L’obiettivo del gruppo scelto da Kelsier è molto più che ambizioso, è tanto audace da sembrare folle: il rovesciamento dell’Ultimo Impero. I suoi eterogenei compagni, ciascuno dotato di un potere diverso dall’altro ma tutti necessari per compiere la loro imprevedibile impresa, sono persone reali e coinvolgenti con il loro carico di preoccupazioni, ricordi spiacevoli e cicatrici varie.

Diffidenti o rassicuranti, irriverenti o metodici, tutti hanno qualcosa da nascondere per proteggerla o per trarne la forza per andare avanti, ma sono sempre pronti ad adattarsi al mutare delle circostanze e a portare avanti il loro piano, anche fino alle estreme conseguenze.

 

Lunghe pianificazioni e travolgenti scene d’azione, un pericolo fortissimo e sempre incombente e un’atmosfera cupa e oppressiva, personaggi tormentati o capaci di svelare improvvisamente un lato nascosto del loro carattere, la necessità della speranza e il bisogno d’amore e di fiducia, vicende sentimentali, problemi religiosi e intrighi politici, una magia originale e sorprendente e uno stile chiaro e scorrevole, che rende vive le fasi più concitate e mantiene alto l’interesse anche in quelle più lente: non manca proprio nulla per rendere questo romanzo una lettura fuori dal comune.

Nemmeno il finale: malgrado questo sia il primo volume di una trilogia la trama principale ha una sua valida conclusione. Non tutte le domande trovano una risposta, e c’è un ampio spazio di manovra nel quale possono agevolmente inserirsi i due seguiti già realizzati dall’autore, ma per il lettore il ritorno nella terra dei Mistborn si prefigura più come un nuovo viaggio in un bellissimo mondo che come un doveroso impegno necessario a conoscere la fine della storia.

 

Sul sito di Brandon Sanderson è possibile leggere gratuitamente alcune sue opere.
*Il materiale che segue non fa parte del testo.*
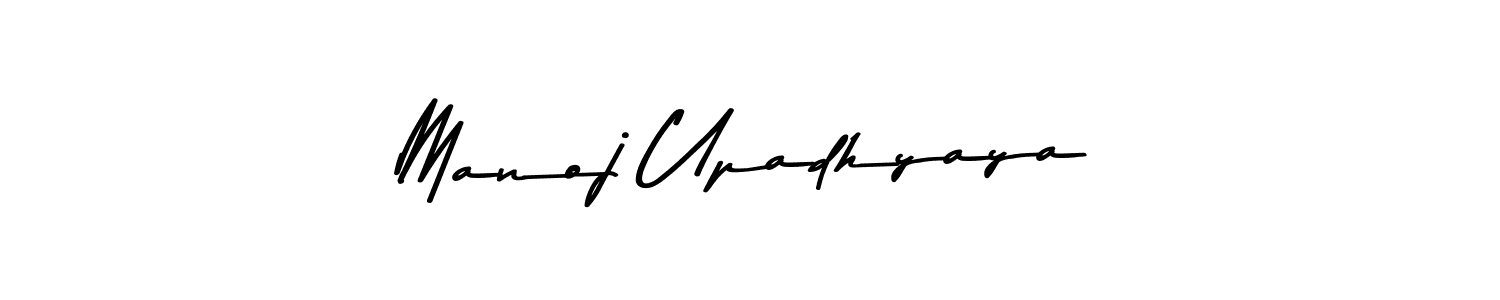 Design your own signature with our free online signature maker. With this signature software, you can create a handwritten (Asem Kandis PERSONAL USE) signature for name Manoj Upadhyaya. Manoj Upadhyaya signature style 9 images and pictures png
L’autore ha dichiarato di avere una tale fiducia nella sua capacità di scrittura da essere convinto che chi le leggerà ne sarà così affascinato da volerne leggere ancora, e che correrà in libreria a comprare gli altri suoi romanzi. Dopo aver letto Mistborn. L’ultimo impero non resta che dargli ragione: se questo è ciò che scrive abitualmente, non si può che aspettare con impazienza le prossime traduzioni.